In 1633, a scribe prepared at least four copies of the devotional writings of Elizabeth Hastings, which consist of prayers, biblical extracts, and short meditations. (3) These may have been prepared shortly after her death in the same year, perhaps as a kind of memorial. Generically, the manuscripts are all called 'Collections' on the first page, implying the use of others' divinely inspired words, be they scriptural or from the conformist but godly writers Hastings favoured. Anne Halkett's voluminous devotional writing (dating from 1651 to 1699) survives in fourteen manuscripts, plus an autobiography, and four works printed after her death. (4) Meditation was Halkett's preferred genre, but she also wrote prayers and mother's advice. While she makes reference to reading the work of other writers, Halkett presents her manuscripts consistently as 'meditations', indicating the devotional labour she has expended to create them. Alathea Bethell's manuscript collection of religious verse and devotional prose dates from about 1674, the date attached to a poem sent to her. (5) The first third of her manuscript consists of poetry (extracts from versified psalms, and poems and poetic extracts on Christmas day, Good Friday, and Easter day), while the rest is prose meditations (also called 'directions' and 'rules') without any located source. A number of poems in the manuscript may have been written by Bethell herself, including the first poem in the volume that is subscribed 'AB'. This poem appears to self-consciously reflect on the contents of the manuscript: when the speaker's heart is oppressed by the world 'This litle Book. Afoards me Ease & Rest'. She will give God her 'humble Praises' for his bounty, and though God expects 'A great Account' for his gifts, Bethell asks him to 'Pardon my Poor Returns. for soe much Love'. (6)

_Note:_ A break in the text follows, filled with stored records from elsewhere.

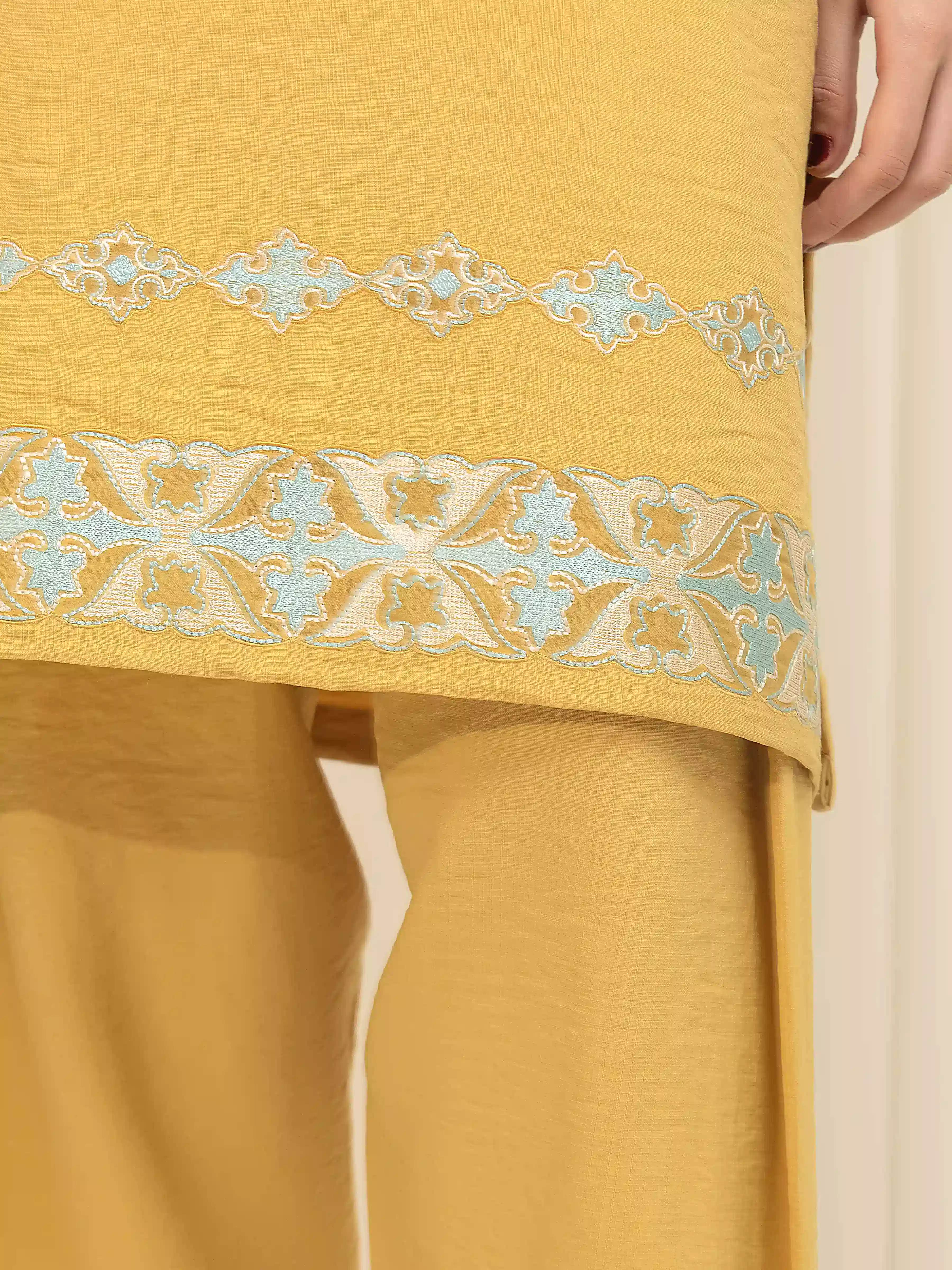 Pret Embroidered Georgette Shirt Shalwar - EWTKED6-86162ST - Image 4
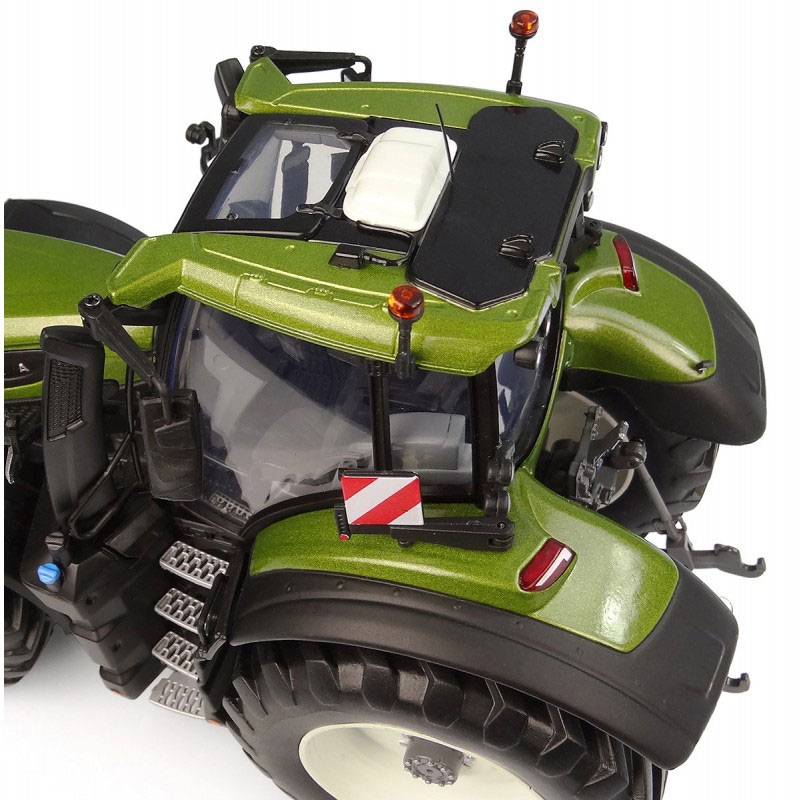 UH - Valtra S416 - Green Metallic - Limited Ed. 750 pcs - 1/32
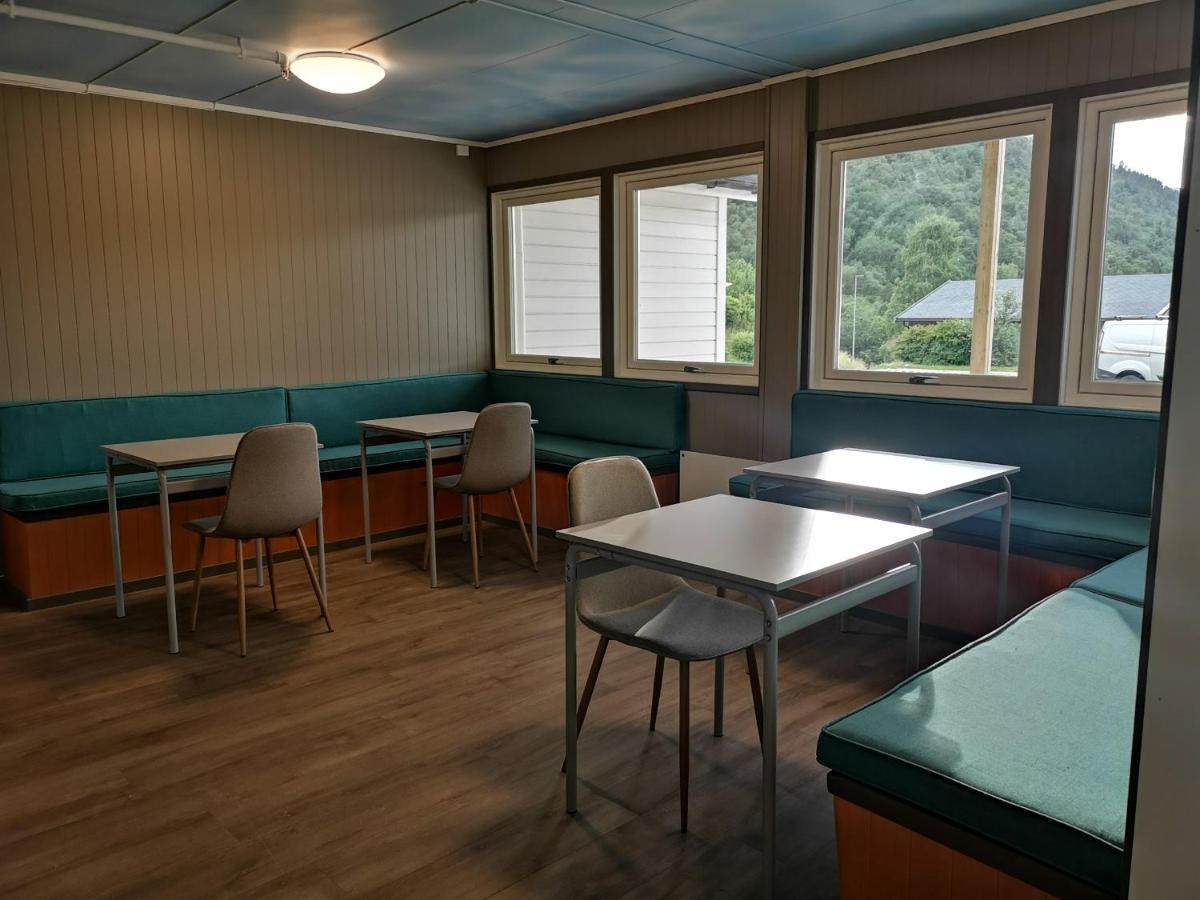 Kinsarvik Hostel Экстерьер фото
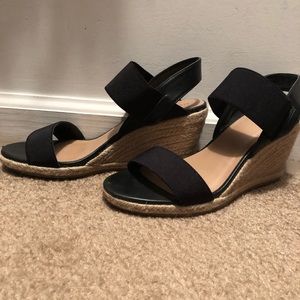 Women’s black Merona wedges!!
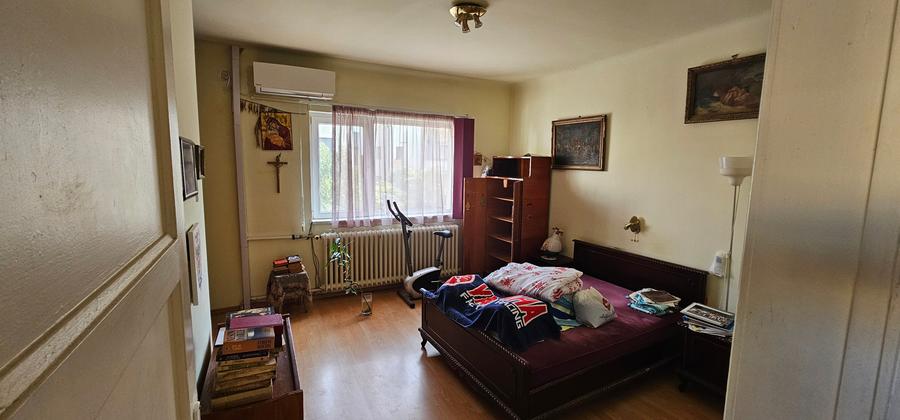 Casă individuală cu 4 camere cu Canalizare în Vatra Luminoasă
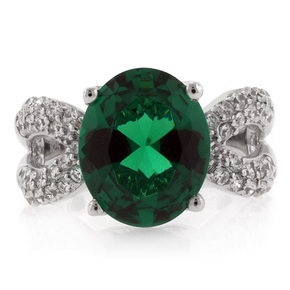 Big Oval Cut Stone Coctail Emerald Ring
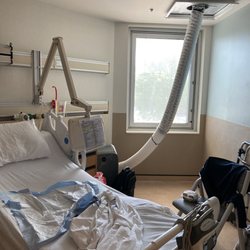Beebe Healthcare - This is an actual patient rokm at this hospital on April 20, 2023. WTH is with the vent hose from the ceiling thing and how is that hygenic?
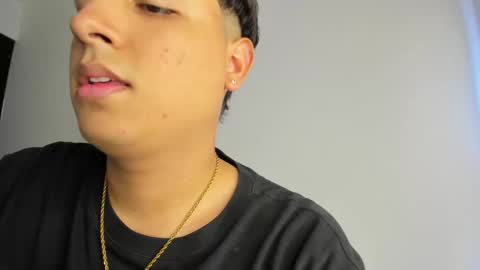 Snapshot of frank_castiglioni chatting on 03/03/25, 10:10 Castiglioni online show from 03/03/25, 10:10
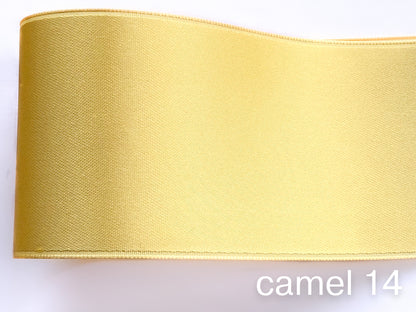Doubleface satin ribbon in Swiss quality. 10 shades of yellow with a delicate shimmering depth of color in 7 widths. Pollutant-free.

Generically, each of these groups of manuscripts is in some respects quite different from the other (Hastings's collections, Halkett's meditations, and Bethell's religious verse and prose rules for behaviour), but each can also be construed as the writer's attempt to give to God what is owed to Him in return for His blessings: her 'Poor Returns'. (7) Their contents have been shaped into volumes in a way that showcases how the compiler used writing to express her faith and also to constitute that faith. Collecting passages from the Bible and transcribing them (as both Hastings and Halkett did) in a certain order and under headings was not necessarily a rote activity; instead, it seems to have been a way for the Word to speak through the believer as these words, and prayers and meditations built upon them, were shaped into something else. …

Search by... Author
Show... All Results Primary Sources Peer-reviewed

Oops!

An unknown error has occurred. Please click the button below to reload the page. If the problem persists, please try again in a little while.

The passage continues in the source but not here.